TPP: Leaked Emails Show Clinton Staff Unsure of Trade Positions In 2015
Few really believe former Secretary of State Hillary Clinton has changed her mind about the virtues of free trade or the Trans-Pacific Partnership (TPP). Part of the reason is because, despite Clinton’s rhetoric, some of her closest allies say she is firmly in the corporate camp and a true free trader who supports NAFTA and TPP.
In 2012, Clinton called TPP “the gold standard in trade agreements to open free, transparent, fair trade, the kind of environment that has the rule of law and a level playing field.”
On October 8, 2015, Clinton reversed her position and said she no longer supported TPP.

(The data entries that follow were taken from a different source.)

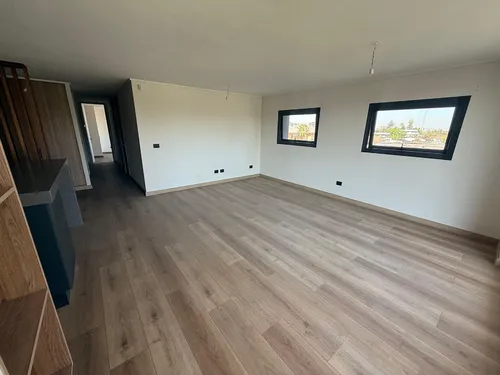 Bilbao - Rent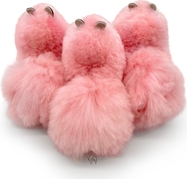 Cotton Candy Medidum - Edited in Canva (7).jpg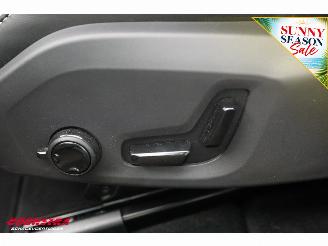 Volvo Xc-60 2.0 T6 Plug-in hybrid AWD Plus Black Edition Pano Schuif/kantel ACC Navi SHZ LrHZ Clima Camera PDC picture 31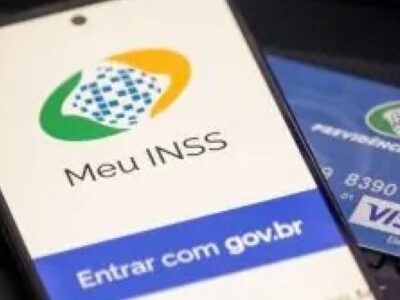 Confira como aposentados vão ser afetados por julgamento no STF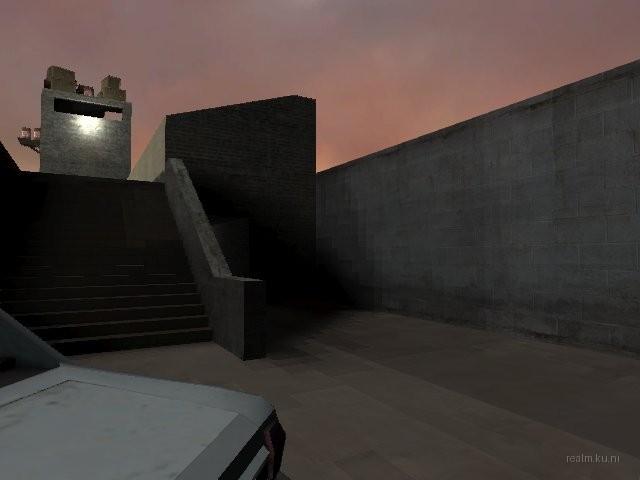 sm_killercops_v5 thumb 25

Clinton and her staff pushed back on claims that her reversal was political, but a recently released email from Wikileaks shows Clinton Campaign Manager Robby Mook uncertain about Clinton’s position as recently as March 1, 2015, not even a year before the reversal.

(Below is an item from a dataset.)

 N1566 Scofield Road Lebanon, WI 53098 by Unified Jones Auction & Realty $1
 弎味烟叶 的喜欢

When informed on February 28 by White House Director of the Office of Political Strategy and Outreach David Simas that a bipartisan letter was being drafted by former cabinet officials in support of free trade, Mook responded:
I can’t recall where we landed exactly on trade. Is she going to say she supports it? Regardless of her position, signing a letter feels like poking the bear with labor to me.
Even Clinton’s staff didn’t know what her position was on trade in 2015? How could someone who had been in public life so long not know their own views?

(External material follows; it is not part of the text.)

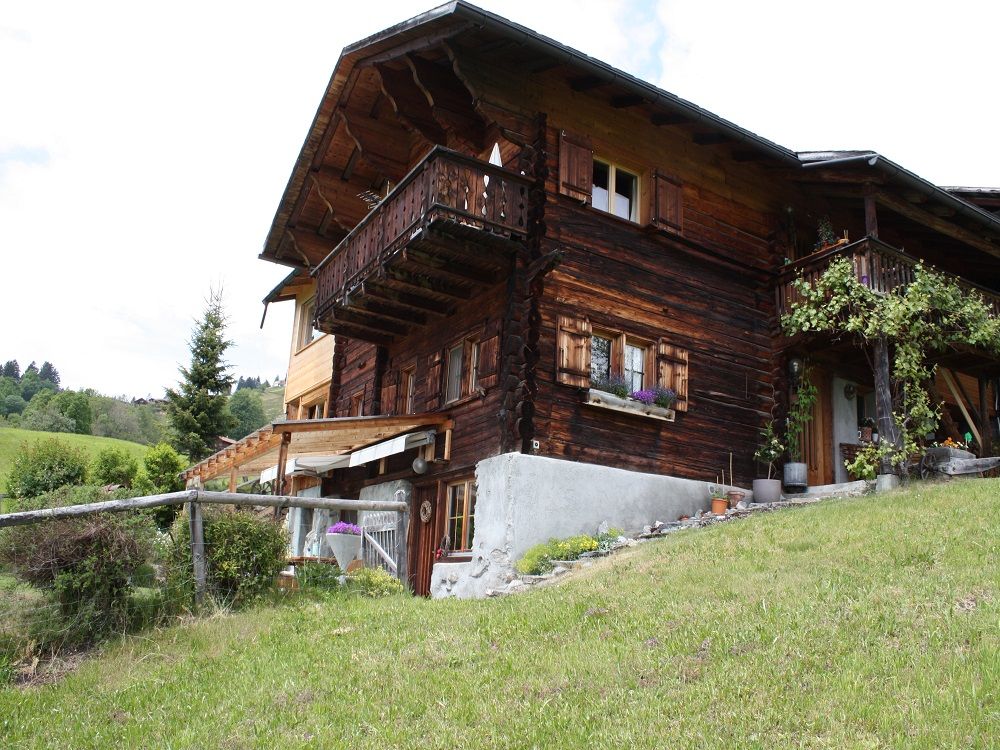 Immagine dell’alloggio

The answer, of course, is that Clinton was likely waiting to see where the polling came out on TPP—a deal that largely resembles the one she helped negotiate as secretary of state. TPP does not poll well, especially among progressive Democrats, whom she was going to have to deal with in the then-future presidential primaries.
The problem for those opposing TPP is not Clinton’s current position, it is whether, as her friends say, she is going to reverse herself again if she becomes president and sign TPP into law.